In 1944 Souren Erzinkian, afraid of the possibility of a Soviet invasion to Finland, went to the north of the country and crossed the Finnish-Swedish border. Göta soon joined him, and they married in Sweden. The couple settled in Uppsala, for it was forbidden to foreigners to live in big cities at the time. Their life was a modest one, if not poor. In the beginning, only Göta had a job, but she became sick and lost her ability to work. The Erzinkians were constrained to live on a small state grant. Sometimes Souren even had no paper for writing. However, he managed to earn some money. He published two books in 1945 in Sweden: Caucasian Folk Tales, and Stalin and the Soviet Union. All his books were published under the pseudonym of Imam Raguza, except for the last one, which was signed Arsen Asatyani. Erzinkian was interested in the old historical relations of Sweden with Armenians. He saved from destruction an important part of the files of the eminent Armenian philologist Norayr Biuzandatsi (Néandre de Bycance) that were kept in Göteborg in a very poor state. Erzinkian wrote articles about Swedish literature and other matters in the Armenian pro-Soviet periodicals of Europe, US, and the Near East. He was very concerned about his archives. He presented a part of them to the Uppsala University library. However, the library catalogues revealed his real name next to the pseudonym Imam Raguza, which made him very upset. Erzinkian did not want his identity known during his lifetime even in Uppsala. He took back his archives and sent them to Norway, to the Oslo University library.
“Somewhere in his papers he wrote something like this. ‘I hope after my death the world will be changed, and someone from my country can come and investigate my archives.’ But he told me: ‘Promise me, Göta, not to tell any Armenian where my papers are.’” And though Souren was an atheist, he wanted to be buried by a priest.”

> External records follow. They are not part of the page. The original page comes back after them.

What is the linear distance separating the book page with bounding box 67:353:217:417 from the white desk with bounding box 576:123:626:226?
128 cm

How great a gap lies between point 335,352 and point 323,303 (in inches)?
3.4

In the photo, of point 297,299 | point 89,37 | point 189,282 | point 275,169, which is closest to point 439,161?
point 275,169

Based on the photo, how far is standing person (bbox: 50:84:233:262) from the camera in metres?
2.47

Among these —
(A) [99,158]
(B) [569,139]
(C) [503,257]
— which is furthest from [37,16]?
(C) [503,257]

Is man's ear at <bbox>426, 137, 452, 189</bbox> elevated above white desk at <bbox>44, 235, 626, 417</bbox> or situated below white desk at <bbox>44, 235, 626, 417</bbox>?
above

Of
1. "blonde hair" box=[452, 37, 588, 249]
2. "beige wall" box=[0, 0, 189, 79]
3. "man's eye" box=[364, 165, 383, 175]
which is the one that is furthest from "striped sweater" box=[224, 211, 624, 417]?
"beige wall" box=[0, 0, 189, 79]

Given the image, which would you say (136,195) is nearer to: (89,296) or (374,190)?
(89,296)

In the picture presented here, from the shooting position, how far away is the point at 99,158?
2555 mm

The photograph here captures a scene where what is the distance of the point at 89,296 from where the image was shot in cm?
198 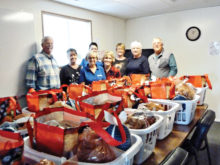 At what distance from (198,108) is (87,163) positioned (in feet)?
4.71

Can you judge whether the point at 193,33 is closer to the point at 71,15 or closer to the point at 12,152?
the point at 71,15

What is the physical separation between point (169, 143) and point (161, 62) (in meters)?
2.16

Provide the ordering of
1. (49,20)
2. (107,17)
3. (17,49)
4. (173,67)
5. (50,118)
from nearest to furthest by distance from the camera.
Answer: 1. (50,118)
2. (17,49)
3. (173,67)
4. (49,20)
5. (107,17)

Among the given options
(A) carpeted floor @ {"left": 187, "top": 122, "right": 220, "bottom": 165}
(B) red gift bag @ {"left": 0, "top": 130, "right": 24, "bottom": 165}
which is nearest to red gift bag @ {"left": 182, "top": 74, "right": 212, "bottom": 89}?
(A) carpeted floor @ {"left": 187, "top": 122, "right": 220, "bottom": 165}

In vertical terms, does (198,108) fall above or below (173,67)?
below

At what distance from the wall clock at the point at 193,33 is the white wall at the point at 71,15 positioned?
1.62 metres

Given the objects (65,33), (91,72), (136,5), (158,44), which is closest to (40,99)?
(91,72)

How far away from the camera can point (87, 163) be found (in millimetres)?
568

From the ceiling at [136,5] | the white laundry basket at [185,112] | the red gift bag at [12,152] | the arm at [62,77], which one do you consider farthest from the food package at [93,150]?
the ceiling at [136,5]

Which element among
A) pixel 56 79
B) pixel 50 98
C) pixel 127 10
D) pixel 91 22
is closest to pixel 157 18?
pixel 127 10

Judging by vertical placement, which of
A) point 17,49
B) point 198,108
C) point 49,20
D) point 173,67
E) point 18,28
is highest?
point 49,20

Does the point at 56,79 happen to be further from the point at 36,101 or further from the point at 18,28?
the point at 36,101

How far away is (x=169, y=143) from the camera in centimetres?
99

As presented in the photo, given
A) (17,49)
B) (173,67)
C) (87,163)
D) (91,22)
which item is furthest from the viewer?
(91,22) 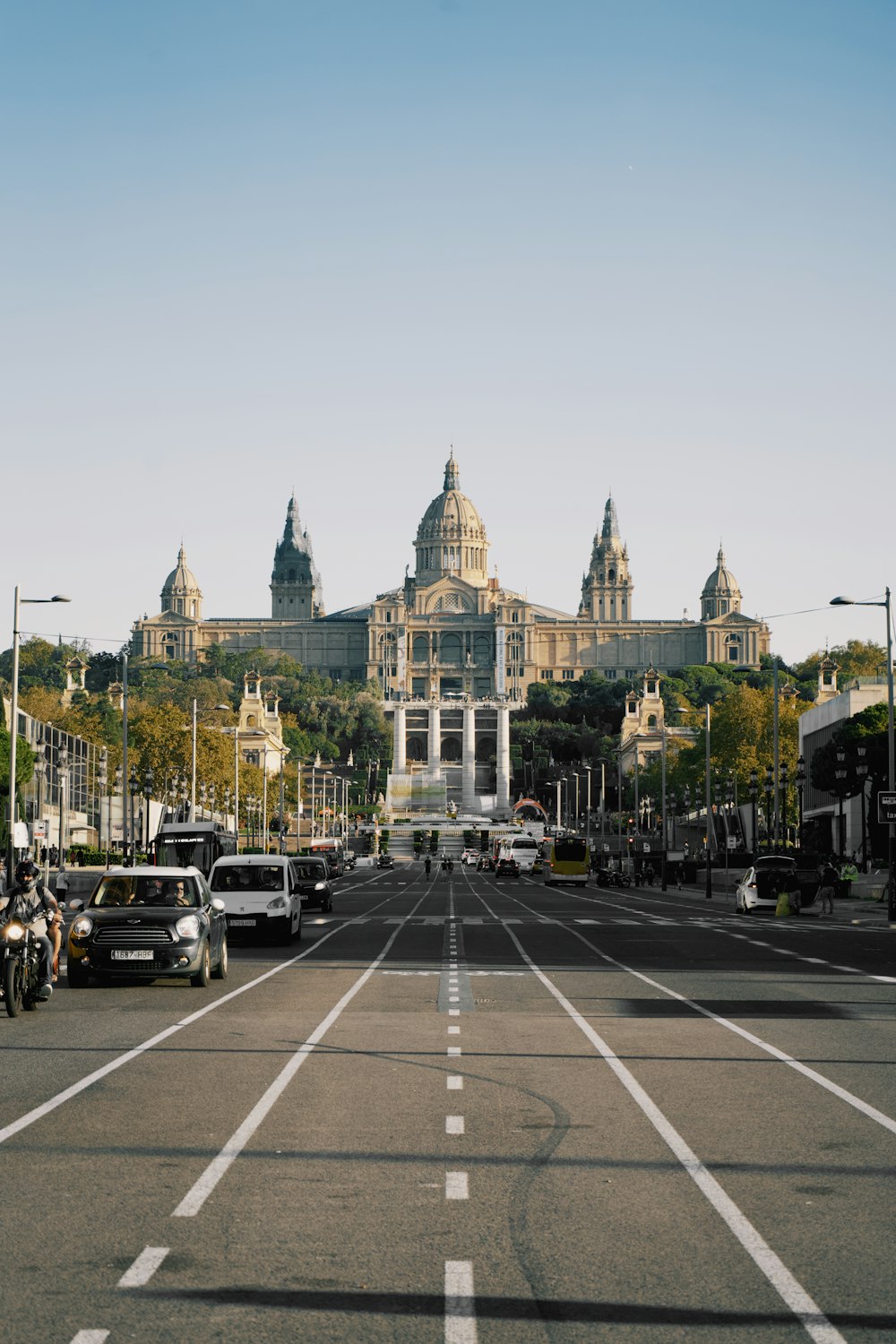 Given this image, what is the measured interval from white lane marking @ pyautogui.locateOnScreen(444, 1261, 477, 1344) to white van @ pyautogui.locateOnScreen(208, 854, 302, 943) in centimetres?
2657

I suggested Göta to title the book Fairy Tales from Caucasus. She had been awarded a prize in 1994 as a philanthropic teacher, and published the book with the prize money. The volume included twenty-four tales of various Caucasian nations (three of them are Armenian). Göta transferred the profits from the book to the International Fund of Homeless Children...
Göta performed as herself in a Swedish documentary, Her Armenian Prince, which depicted Souren Erzinkian and his widow. The authors of the film revealed from Finnish archives some secret details about this mysterious Lorelli, which Göta had never known. Those details, regarding Lorelli’s personal life, made Göta sad, though she always tried to be magnanimous and not show her unhappiness about them.
Erzinkian’s rich and valuable archive is kept at the Oslo University library. Perhaps its most valuable piece is Lorelli’s diary, written in prison on toilet paper, which he wrote at the beginning of the last century in Russian, but with Armenian letters. It is a unique document, whose contents promise to be extremely interesting.
During my stay in Uppsala I visited Göta several times in order to hear her interesting stories, and the Armenian expressions and songs that she remembered. And the joyous and kind widow was always so happy to welcome people from her husband’s homeland, people to whom she could now tell everything about her legendary husband and his stormy times.
Now, in 2006, those two immigrants are together in the central cemetery of pretty Uppsala, after some forty years of separation. And as we Armenians say, let the Swedish earth lie easily on them.